Renditions Golf Course’s Joe Haskins offers 5 tips to improve golfer flow and experience.


There’s so much business strategy in superintendents’ worlds.  Let’s focus on pace of play, a major frustration among players and course operators.

Joe Haskins, superintendent at Renditions Golf Course Davidsonville, Maryland – operated by Landscapes Golf Management – offered his views on the topic. Here are his top five tips on how to manage speed:

Precise maintenance

Golf is simple when superintendents adopt a “find ball, hit ball” philosophy. Grow and sustain the right species of grass in the right areas of the course. Setup courses with the perfect balance of bark and benevolence for each handicap range (despite most superintendents knowing that extremely tough pins and fast greens cause inevitable triple bogies, they love to test golfers’ mettles in devastating ways).  Permitting your existing rough to reach eight inches is not a naturalized area – it’s a pace killer.  Notwithstanding, it’s perfectly acceptable for fescue to do its Jack and the Beanstalk impersonation where golfers rarely if ever hit.

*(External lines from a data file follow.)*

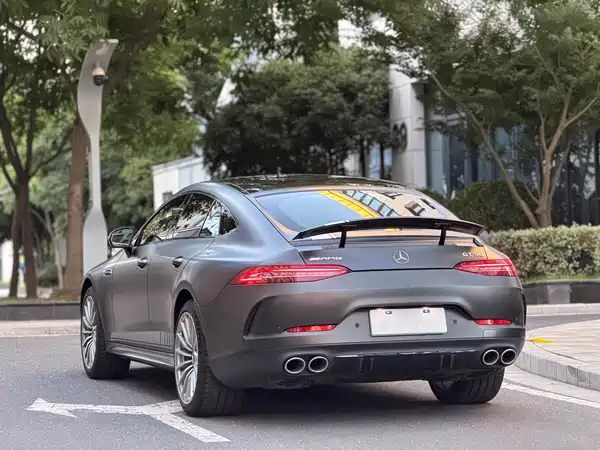 Mercedes-Benz AMG GT 2022
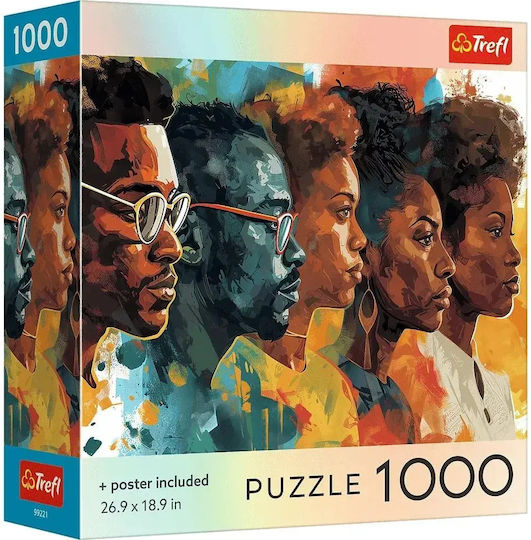 Us Collection Puzzle 2D 1000 piese
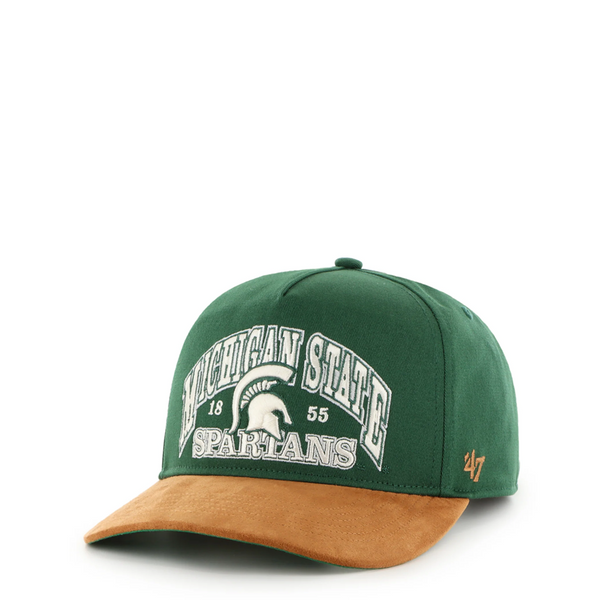 MICHIGAN STATE 1855 SPARTANS '47 HITCH ADJUSTABLE HAT
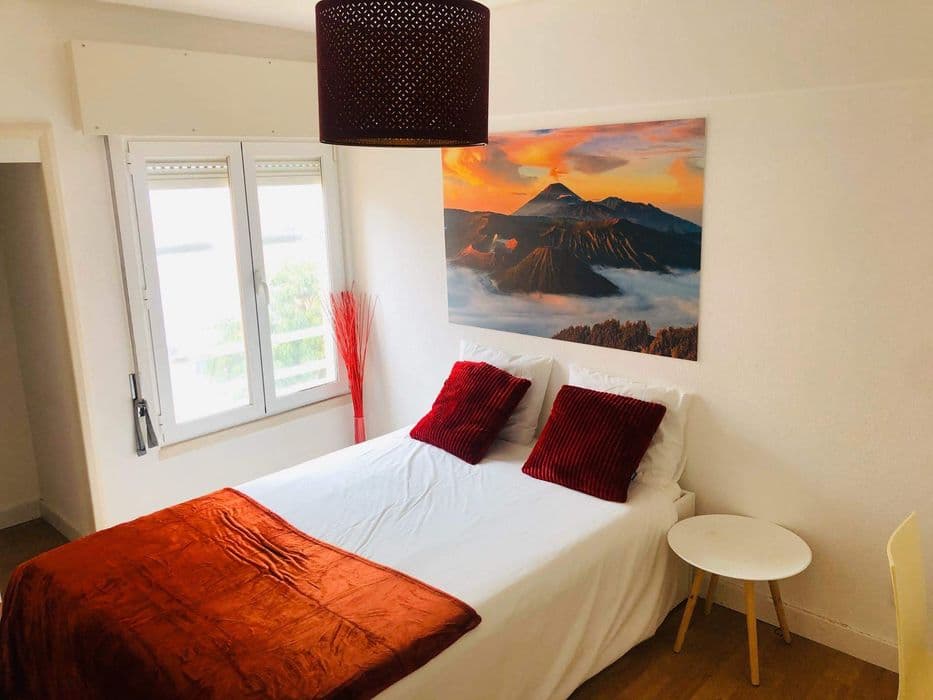 Quarto individual em Alfragide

It’s the superintendent’s duty to coach maintenance crews about what’s an acceptable, baseline time for golfers – from high to low handicappers – to play each hole from tee box to sinking the putt (or picking up and moving on). This factors into how each hole is patterned, notably pin placements.  Without interfering with play, crews should feel free to coordinate with marshals about when to politely encourage golfers and offer playing tips to pick it up where their play is dragging. Lastly, closely communicate with clubhouse operations for its personnel to suggest to golfers the proper tee boxes to play from in sync with the day’s course setup. The superintendent is the lynchpin here.

Golf carts

The quickest route from point A to point B is a straight line. That’s why cart-path-only restrictions represent the antithesis of fast play. If conditions are marginal, let them scatter a bit under a 90-degree rule. Lean on directional pegs, ropes and GPS systems to contain play by limiting access to wetter areas.  Although obvious, courses occasionally send carts with not enough juice, further prompting logjams of epic proportions.


Keep score of areas along the course where bottlenecks frequently occur and don’t cop a “there’s nothing we can do about it” fallback attitude. Where there’s a will, there’s a way, and helping golfers navigate the layout most often doesn’t involve a hefty cap-ex budget – or any at all. Par 3s seem to be the biggest “turtle” culprit, so consider removing accessories like water cooler stations, ball washers and divot mix containers. Shrink naturalized areas close to in-bounds, limb-up trees for easier recovery shots following mishits and use dry-erase yardage signs for at-a-glance, accurate distances.


Work hand-in-hand with the operations team to explore partnering with companies that affix sensors to golf bags and carts to monitor speed of play. These types of systems provide courses with full, real-time operational oversight and reporting, giving managers tools to manage operations effectively. The results: enhanced player experiences, increased efficiency, cost savings and additional revenue. The data points gained about individual golfers allow for better marketing of equipment sales, instruction and, perhaps most important, tee sheet optimization and tee time intervals.

Haskins and Landscapes Golf Management live by the mantra that well-managed golf courses and country clubs – and their ultimate business profitability – comes down to happiness of members, guests and staff. In today’s hurry-up world, with pace of play under control, complaints will assuredly decrease and your offerings will be favored over the competition.